As his stepfather worked in a home office on the ground floor, Chris wrote a note, left it on his bed, fled out the back door of their house in Chigwell, England, and headed to a forest behind a nearby high school. He found a tree and tied the rope around a high, sturdy branch. The day was windy, and he wasn’t wearing a jacket. He worked the other end of the rope into a noose and slid it around his neck. “I felt that I always wanted to have a significant meaning in life,” he says. “I would rather show people how not to live your life and end it than continue as a failure.” He stood atop the box and grasped the noose. He estimates he stood like that for 40 minutes. Finally, he pushed the rope off his neck and stepped off the box.

When he got back inside, he tore off a piece of paper and found a black ballpoint pen. On it, he wrote, “£360 million, aged 31.” Seven years later, Chris still has the piece of paper in his wallet. The figure he scrawled was a thousand times the amount of money his mother had bequeathed him in 2006. He had used that money to bet against the foreign exchange market and a variety of companies on the FTSE 100 (the share index of the top 100 companies on the London Stock Exchange), just before the recession, and he made an “astronomical sum.” But then he went big again, sinking his winnings into construction projects in Morocco, Dubai, and Egypt that went bust. On the day he wore the noose around his neck, the money was almost gone: from £3.2 million to £3,000 in mere days.
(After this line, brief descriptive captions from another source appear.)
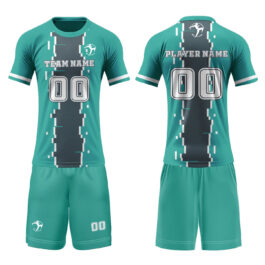 Volleyball Uniform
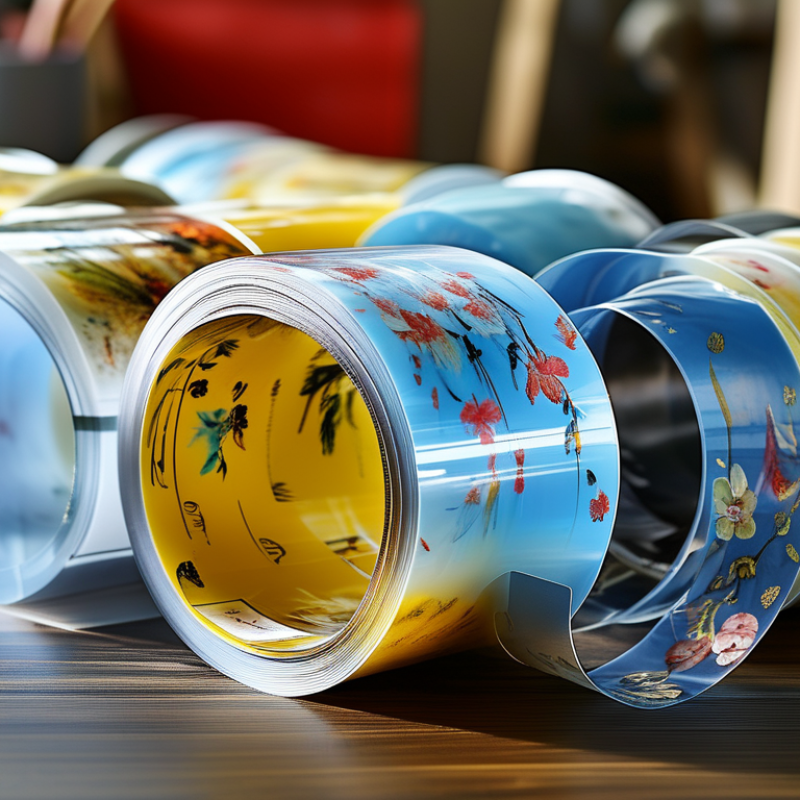 What Are the Best Uses for Apet Sheet Rolls?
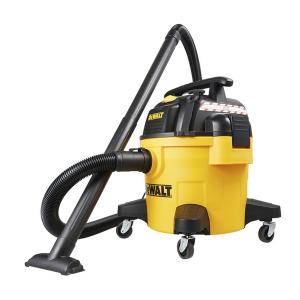 디월트 건습식청소기 DXV23P 23L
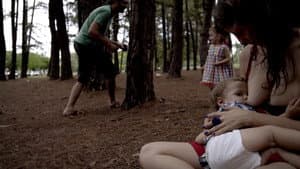 El renacimiento del parto 3 — foto 2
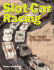 Slot Car Racing: Tips, Tricks & Techniques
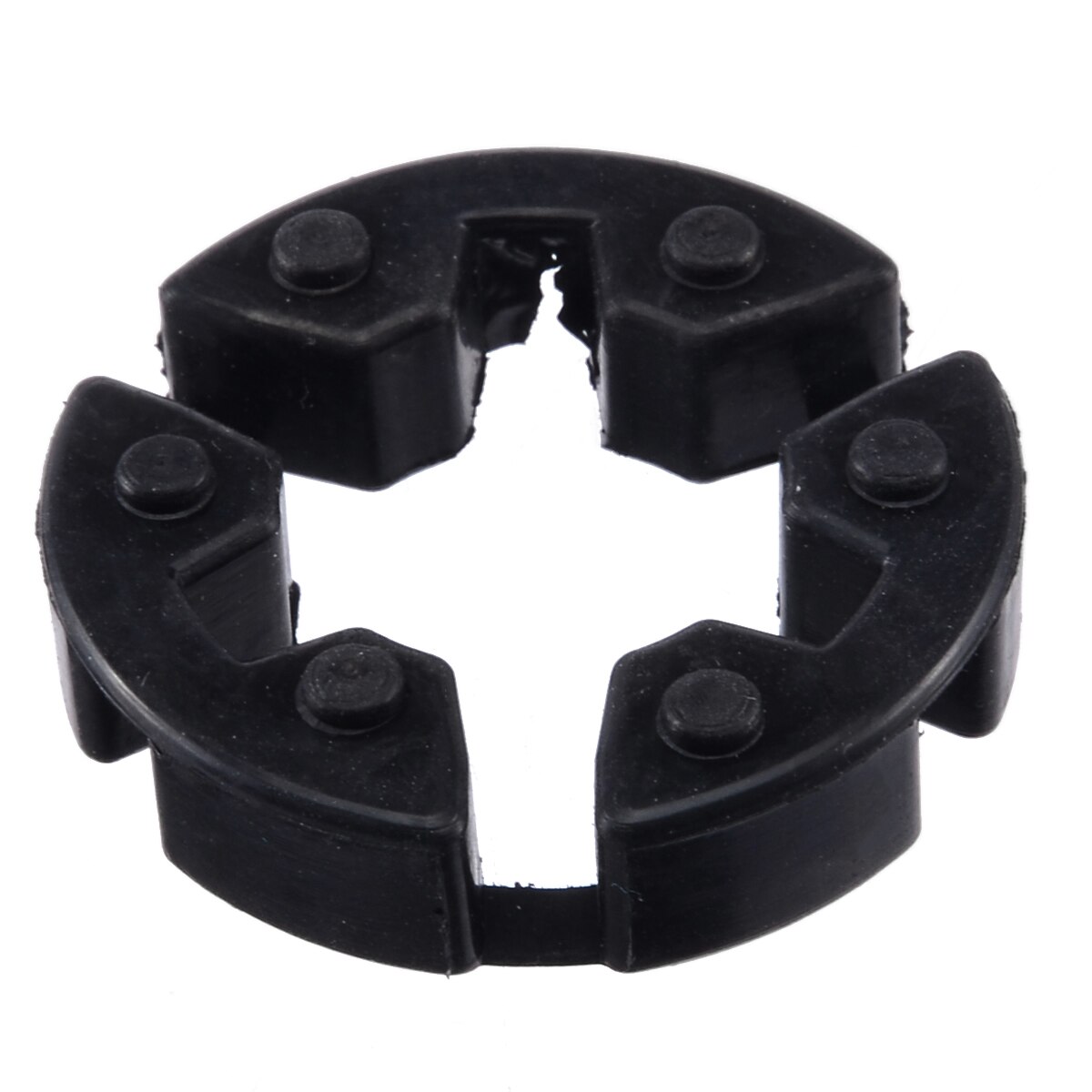 6 Stuks Car Power Window Regulator Motor Gear Accessoires G22C5958X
“I knew I needed to get it all back. I just didn’t know how.”

I meet Chris, now 29 years old, at a friend’s house in south London. He is deciding between a leather kilt and a pair of assless chaps for the evening’s Halloween sex fetish party. His friends have a laugh when he holds up the chaps, but he shakes his head and goes with the kilt instead.

Upstairs, he changes out of his standard blue crewneck and jeans into the kilt. He takes off his shirt and slips into a black velvet blazer. His hair is short, with a touch of gel. I help him tie up two silver armbands with blunted spikes to complete the costume.

“Thanks, mate,” he says.

He pulls out his gold-plated iPhone 4. The background screen is a picture of his 24-year-old girlfriend, a lingerie model named Lauren Bea, seated on a bed next to a female friend. Both are wearing lingerie and blindfolds, heads tilted upward. Chris opens WhatsApp and sends a text. “I’m looking forward to tonight,” he says. “It’s actually nice I won’t to have to fuck a ton of people.”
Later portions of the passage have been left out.